Abstract
The retention of polyphenols in thermally processed noodles is constrained by interactions with starch and glutenin, critically impacting functional properties (antioxidant activity, starch digestibility modulation) and quality attributes. Current understanding lacks quantitative links between initial pomace particle size, polyphenol behavior throughout processing, and the resulting noodle properties. This study systematically investigated how Rosa roxburghii pomace particle size (0.1-250 μm), fractionated into five ranges, governs polyphenol extractability, retention in fresh/boiled noodles, and their functional and quality outcomes.
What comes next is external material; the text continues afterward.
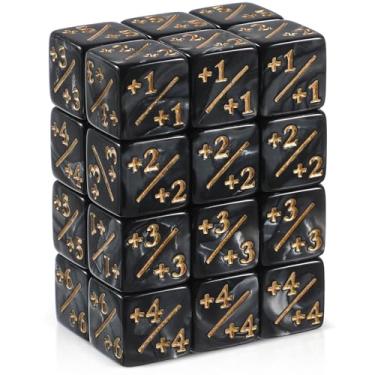 Imagem de TOPPERFUN 24pcs 1/+1 Token Dice Counter, 0. 63in D6 Minus and Plus Dice Set, Acrylic Board Game Accessory, Compatible with CCG, Card Games, Black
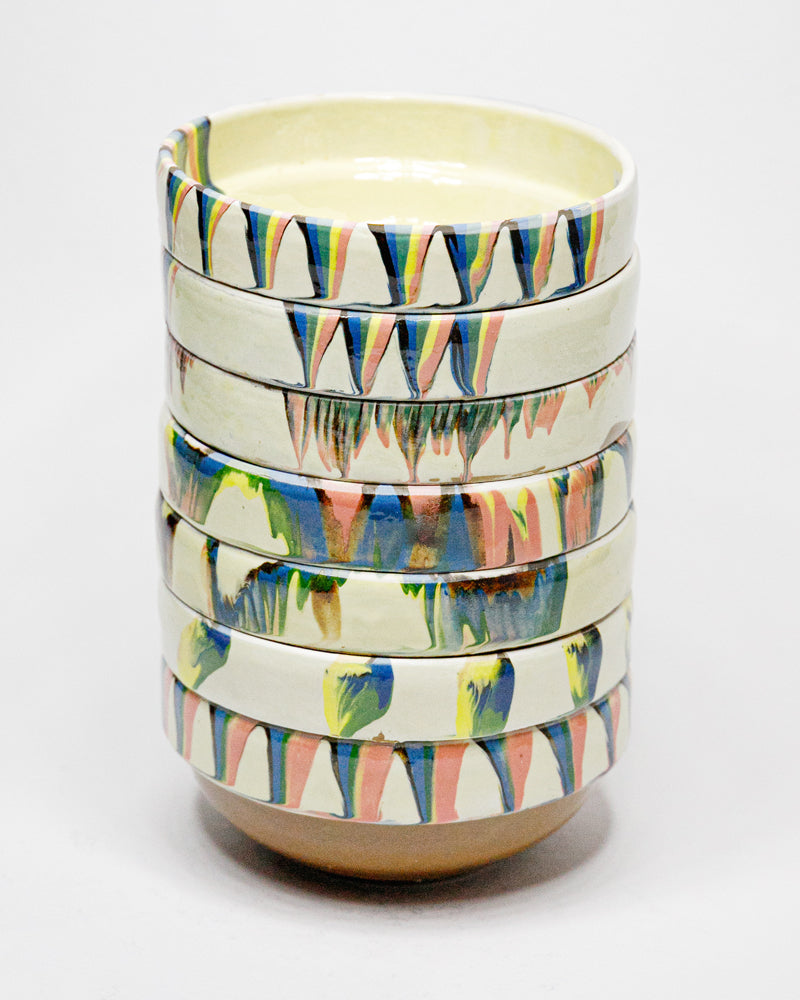 Hand-Painted Marbled Earthenware Bowls | Creme & Rainbow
Mathematical modeling established quantitative particle size-property relationships. The results indicated that polyphenol release was maximized at the 1-10 μm particle size. Total phenolic retention in boiled noodles was highest with 0.1-1 μm pomace, while the retention of specific phenolics peaked with 60-80 μm pomace. Fresh noodle hardness and gumminess decreased significantly, particularly with extracts from 1 to 40 μm pomace, whereas boiled noodles showed increased chewiness/adhesiveness. All polyphenol-enriched noodles exhibited suppressed starch digestibility and enhanced antioxidant capacity. Robust quadratic regression models predicted key properties based on particle size. Molecular interactions (hydrogen bonding, hydrophobic contacts, π-cation stacking, salt bridges) between key phenolics (EGCG, hydroxybenzoic acid, gallic acid, quercetin, and isoquercitrin) and the gluten-starch matrix, critically involving residues Arg-86 and Arg-649, were identified as the underlying mechanism. These results demonstrate that precise control of pomace particle size regulates extract composition and molecular binding dynamics, providing a strategic approach to optimize functional noodle design.
Keywords:
antioxidant activity; cooking properties; quadratic regression models; starch digestibility; texture.